▶ [YOUR GOAL]: The result should be the lines from the one holding "Carabiner for Keys, S" to the final line of the records below, repeated exactly and with no pictures.

..........

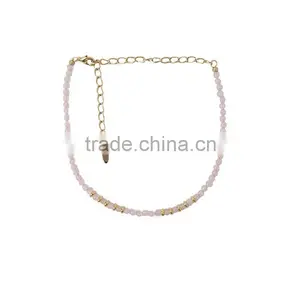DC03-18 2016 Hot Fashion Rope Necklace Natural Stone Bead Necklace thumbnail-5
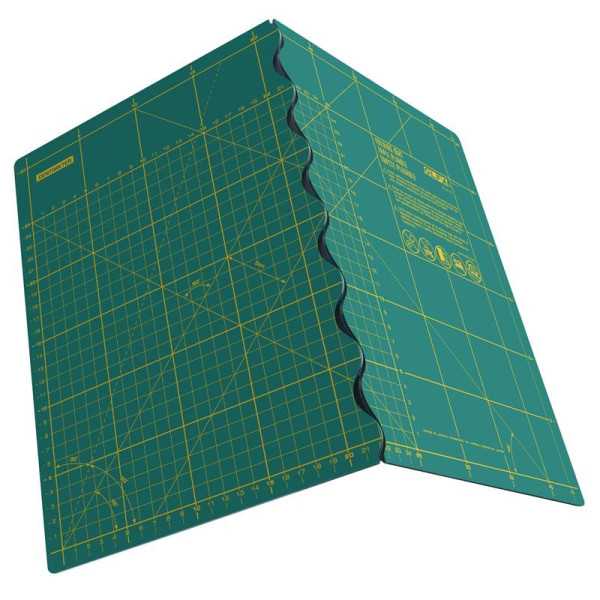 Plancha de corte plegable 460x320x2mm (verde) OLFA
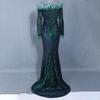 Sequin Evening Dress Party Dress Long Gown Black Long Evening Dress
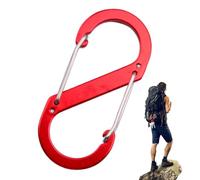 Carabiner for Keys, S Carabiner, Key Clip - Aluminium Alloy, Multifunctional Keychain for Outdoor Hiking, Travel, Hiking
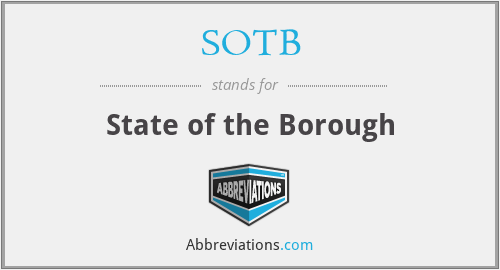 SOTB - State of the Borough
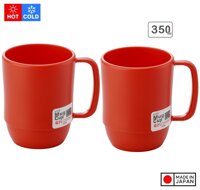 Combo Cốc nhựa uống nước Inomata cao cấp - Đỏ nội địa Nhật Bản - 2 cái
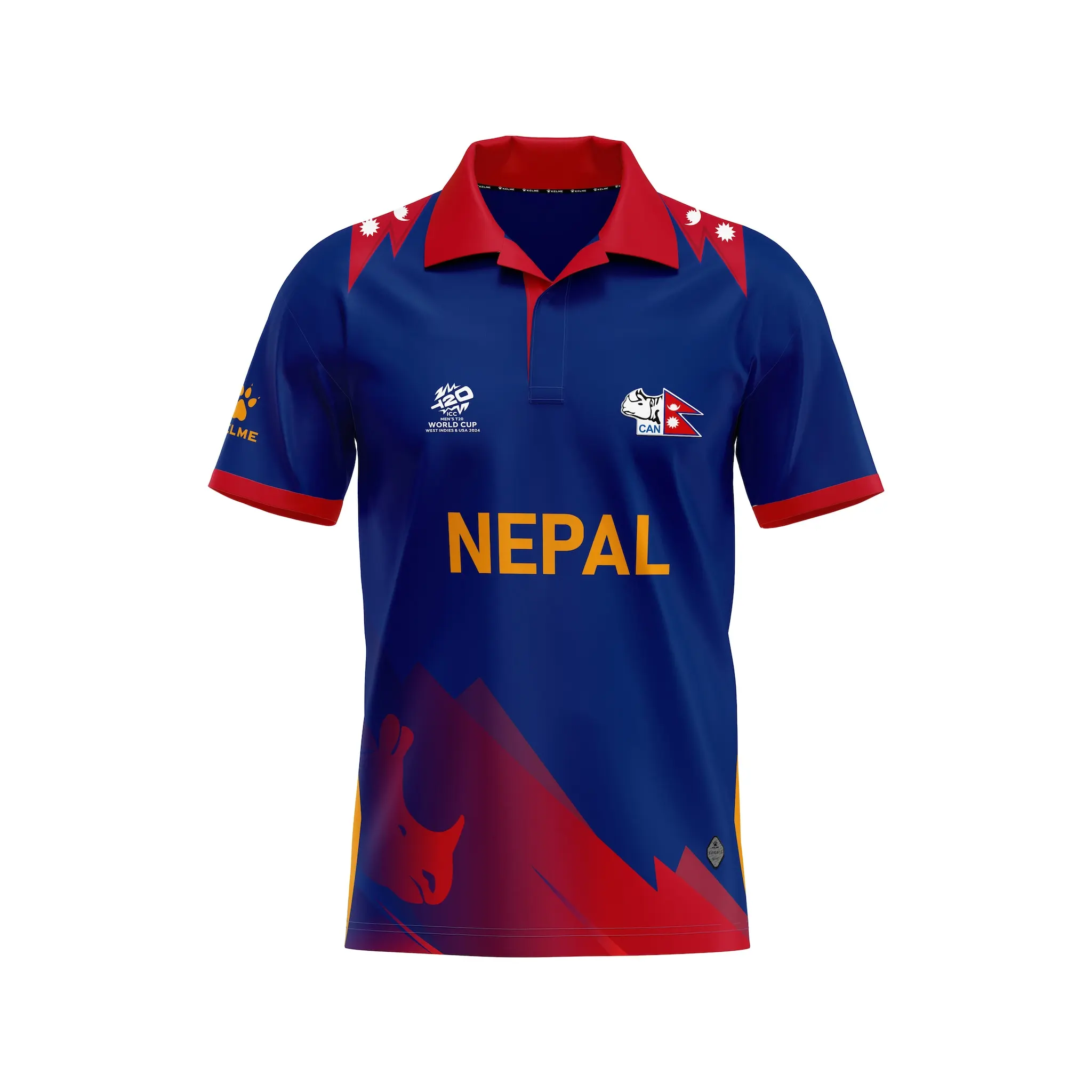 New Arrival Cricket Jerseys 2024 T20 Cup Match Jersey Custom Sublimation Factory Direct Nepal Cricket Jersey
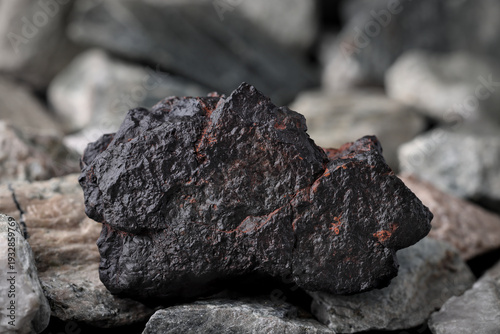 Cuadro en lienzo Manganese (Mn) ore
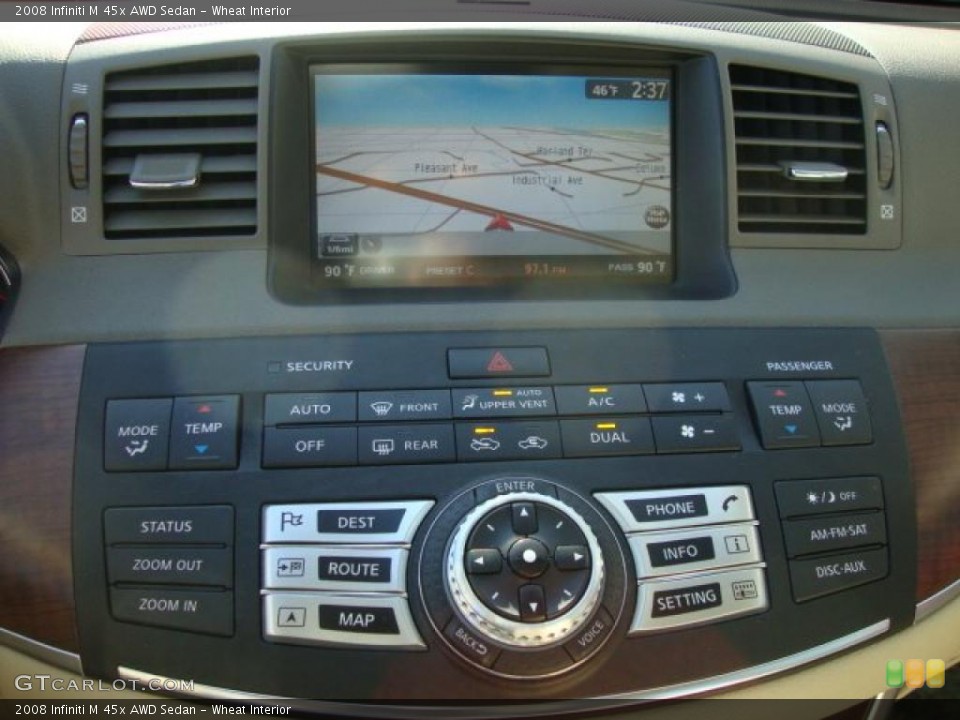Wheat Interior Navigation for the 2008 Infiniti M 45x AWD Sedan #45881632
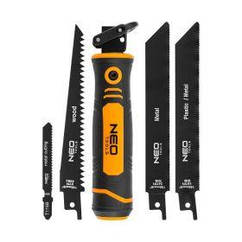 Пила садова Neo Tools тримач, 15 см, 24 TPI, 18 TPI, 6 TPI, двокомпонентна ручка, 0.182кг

..........

▶ [EXERCISE RESPONSE]:
 Carabiner for Keys, S Carabiner, Key Clip - Aluminium Alloy, Multifunctional Keychain for Outdoor Hiking, Travel, Hiking
 SOTB - State of the Borough
 Combo Cốc nhựa uống nước Inomata cao cấp - Đỏ nội địa Nhật Bản - 2 cái
 New Arrival Cricket Jerseys 2024 T20 Cup Match Jersey Custom Sublimation Factory Direct Nepal Cricket Jersey
 Cuadro en lienzo Manganese (Mn) ore
Wheat Interior Navigation for the 2008 Infiniti M 45x AWD Sedan #45881632
 Пила садова Neo Tools тримач, 15 см, 24 TPI, 18 TPI, 6 TPI, двокомпонентна ручка, 0.182кг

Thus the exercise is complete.